I'd like to find small degree polynomials in $\mathbb{Z}[x]$ having no rational roots but admitting roots in all $\mathbb{Z}_p$ for every prime $p$.
Low degree examples:
$(x^2-q)(x^2-r)(x^2-qr)$ where $r,q$ are prime numbers such that $\left(\frac{q}{r}\right)=\left(\frac{r}{q}\right)=1$ and one of $q,r,qr$ is $1$ mod $8$ (eg 13 and 17). Indeed, this works for if $p\ne 2,q,r$ is prime, one of $q,r,qr$ must be a square mod $p$ by multplicativity of legendre symbol, all of these are nonzero so we can lift with Hensel.
If $p=q$ or $p=r$, there is a nonzero root mod $p$ by the way we chose $q,r$. Lift this root with Hensel. If $p=2$, there is a root mod $8$ not divisible by $2$ and use Hensel again.this question claims that the polynomial $(x^2+31)(x^3+x+1)$ works. (proof here)
There certainly do not exist such polynomials of degree 2, because if $ax^2+bx+c=0$ has a solution mod $p$ for all primes $p$, then $b-4ac$ is a square mod every prime and hence an integral square, so a rational solution exists.
I do not expect there to be such polynomials of degree 3 or 4, how can I show this?
If $f$ is an irreducible polynomial, then there are primes where $f$ is inert, and thus does not have a root in the corresponding finite field.
This lets us rule out the case of quadratic or cubic polynomials.
If $f$ is a reducible squarefree quartic without root, then it is the product of two irreducible quadratics. Its Galois group is either $\mathbb{Z}/2\mathbb{Z}$, or $(\mathbb{Z} / 2 \mathbb{Z})^2$. Either way, there exist Galois elements that have no fixed points among the roots, and thus there is some prime where $f$ does not have a root.

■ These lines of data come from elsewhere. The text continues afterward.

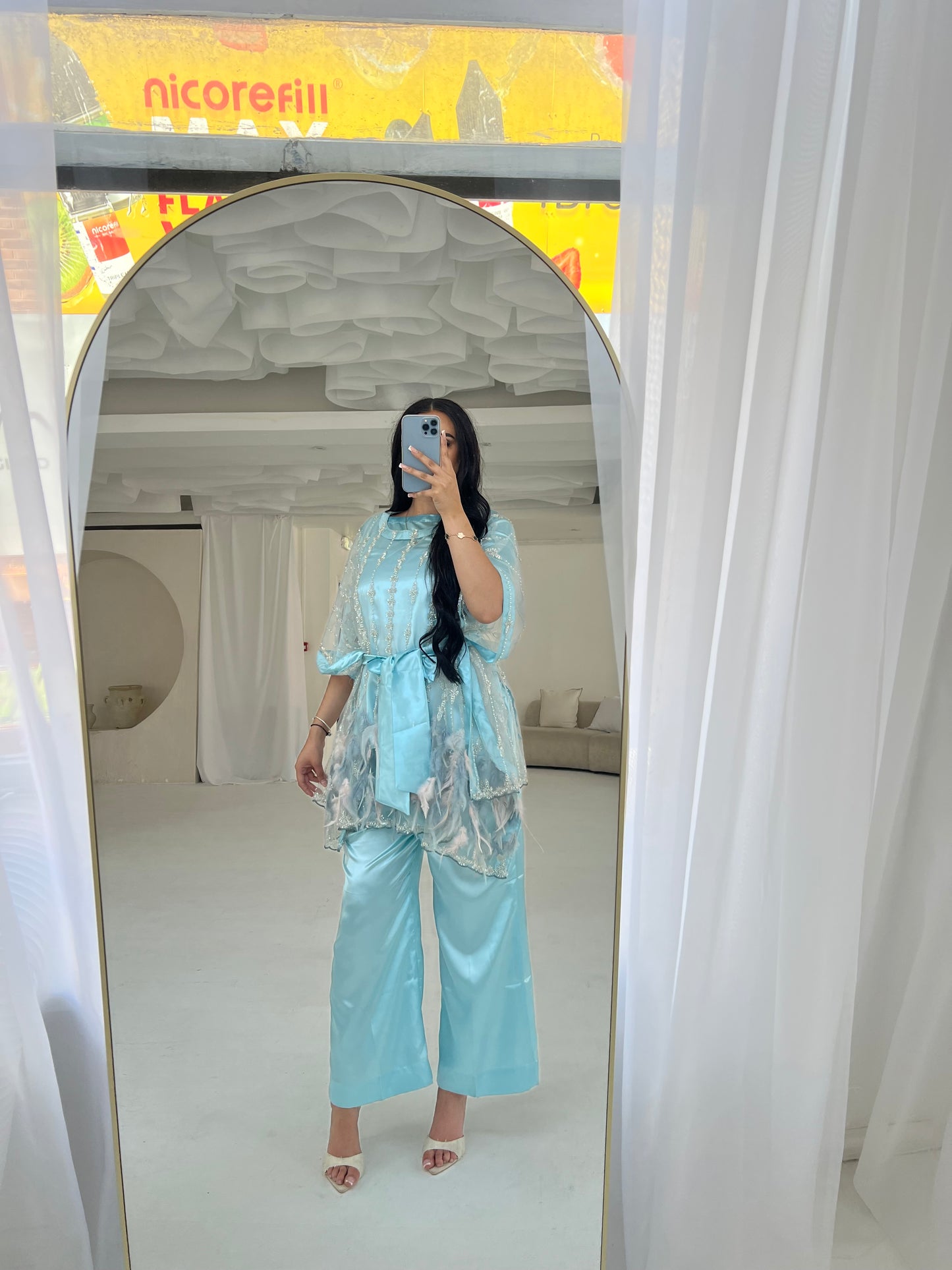 LEYA Feather Blue (4pc)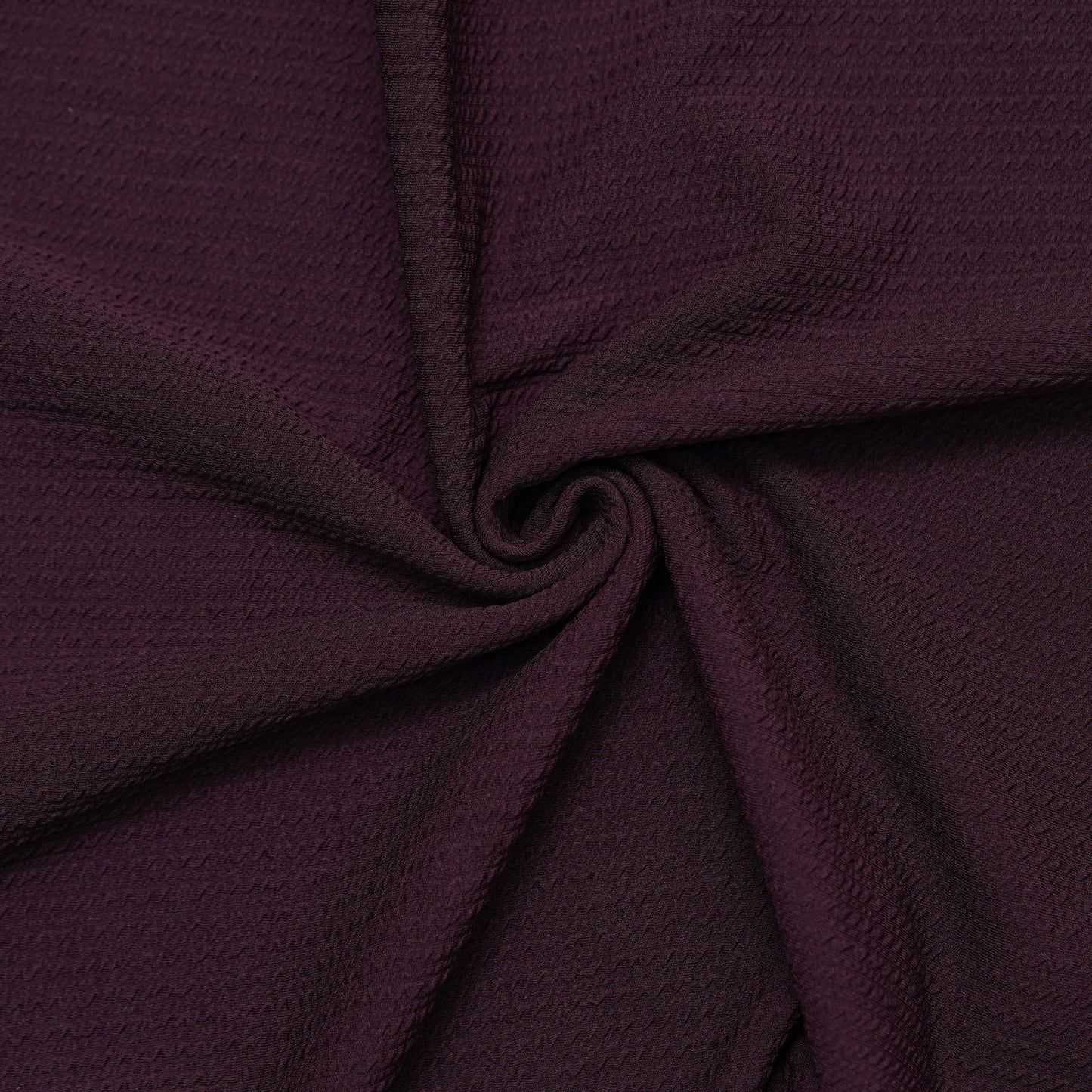 Wine | Pique Textured | Polo Zipper T-Shirt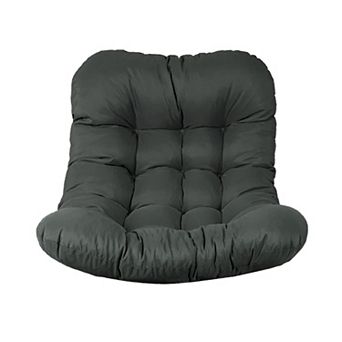Egg Chair Cushion Replacement, 7'' Thick Waterproof Hanging Chair Cushion with 4 Ties & Soft cotton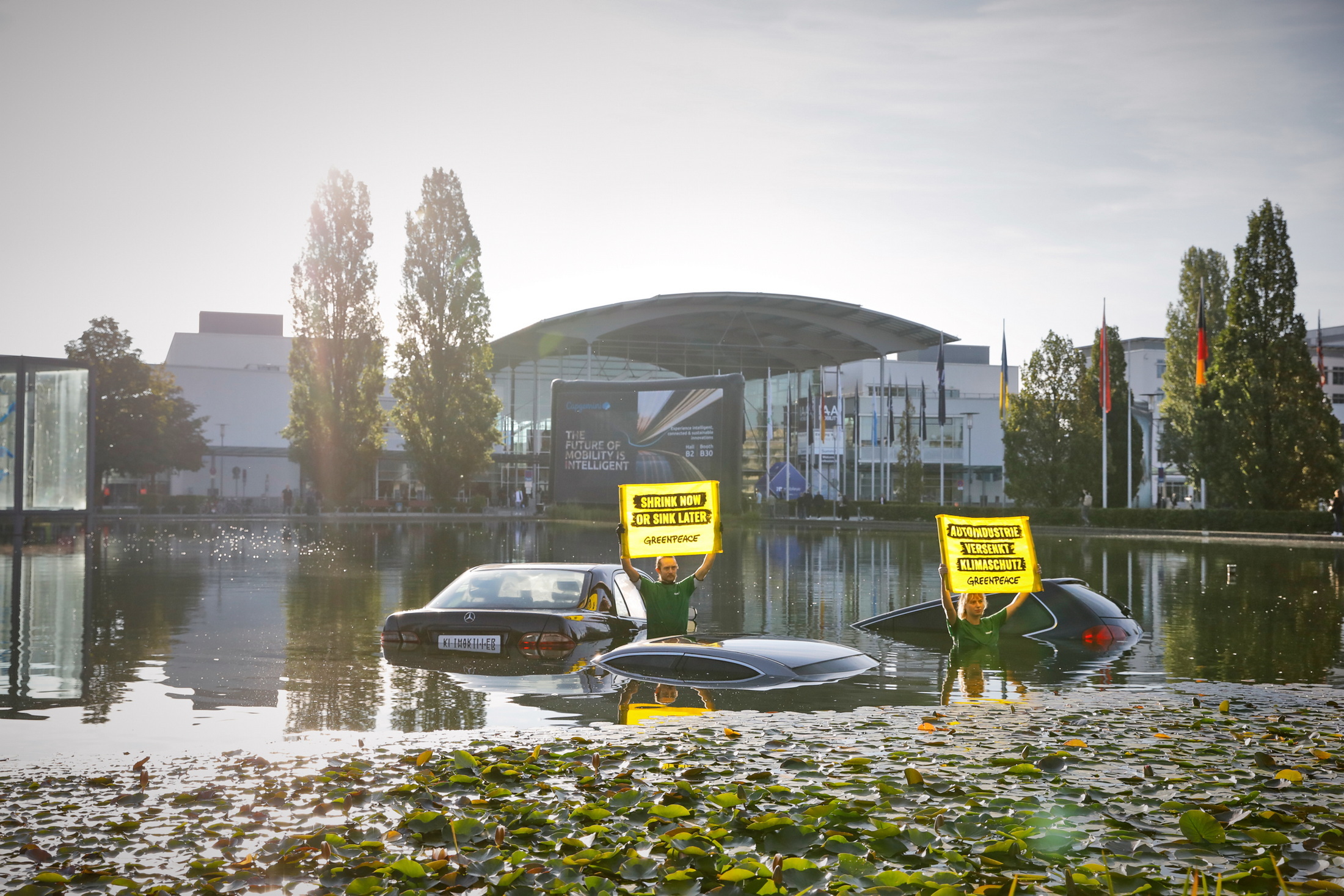 Climate Activist - 2023 IAA Mobility Show - Copyright Stefan Baldauf SB-Medien (3)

This argument breaks down in degree 5, which is why we see examples. Consider an irreducible cubic with Galois group $S_3$. This has a cubic and quadratic subfield, and let $f$ be the product of the two defining polynomials.
Letting $c$ denote roots of the cubic and $q$ roots of the quadratic, the only possible cycle structure that permutes the roots without fixed points is $(ccc)(qq)$; however this permutation has order six and cannot be an element of $S_3$. Consequently, $f$ has a root in every finite field.